Annual                      Perennial             Tender Perennial      Biennial (comes back once,
                                                                                                                then goes to seed)
Basil                          Chives                 Rosemary                 Parsley
Dill                            Lemon Balm       Lavender
Cilantro                     Mint
Summer Savory        Oregano
                                  Sage
                                  Tarragon
                                  Thyme



                                 

Friday, 26 April 2013

Happy Spring 2013!

Happy Spring 2013!!!  Welcome to my inaugural post!!

For many years I have intended to create information sheets, a website, extensive facebook page etc., etc. to keep all of our friends/ customers/ fellow gardeners up to date with tips and interesting happenings at Terra Farms.

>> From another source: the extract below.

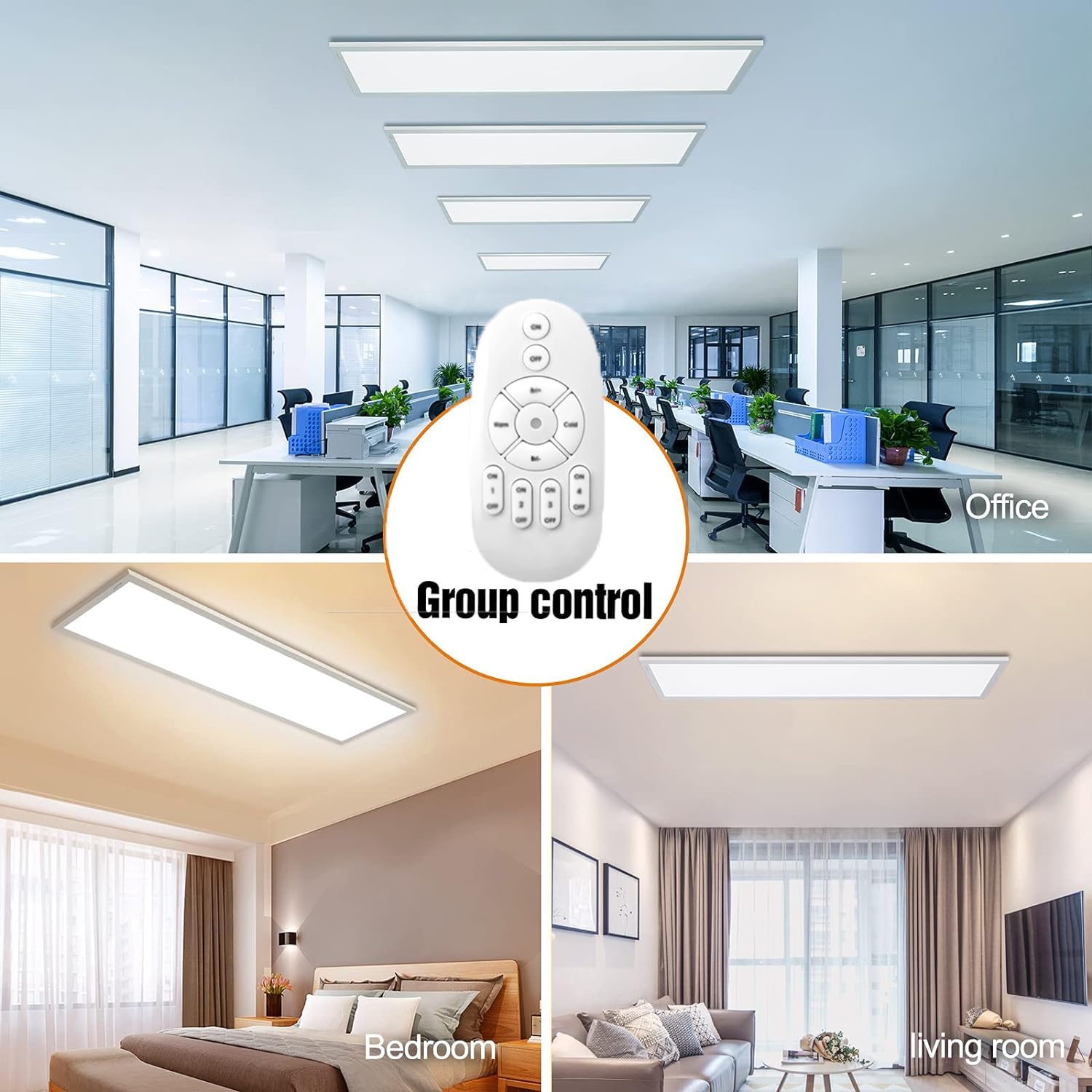 Dimmbar LED Deckenleuchte Panel 120x30 cm mit Fernbedienung, 2 Stück, 40W 3200LM Deckenlampe Starkes Licht, Warm/Natur/Kalt Weiß Licht Ultra Dünne Flach Beleuchtung für Büro Werkstatt Wohnzimmer
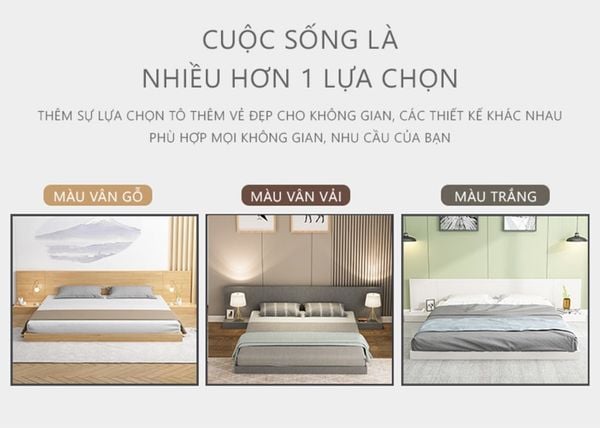 Giường Ngủ Bệt Hiện Đại Phong Cách Nhật Bản Màu Vân Gỗ - Nội Thất IGA - GP265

Clearly, I was delusional to think that was possible with small children and aging parents competing with our work load for my time!  (Not to mention sewing <g>)  Please bear with me while I get my literary feet wet, and I'll try not to prattle.


On with the show!

We decided to delay our traditional return to the Calgary Farmer's Market by one month to May 2, hoping to avoid the annual drive through a blizzard with Basil shivering in the box of the truck.  I can hardly wait to see everyone, it's heart warming to watch people smell the soil even if it's a little early to plant outside.

Finally, the snow has mostly melted!  I am ecstatic, even though I expect some more to fall.  It's important at this time of year to remember the poor trees that may have gone through the moisture from the great melt of 2013 and are suffering a great thirst at the hands of our beloved chinook winds.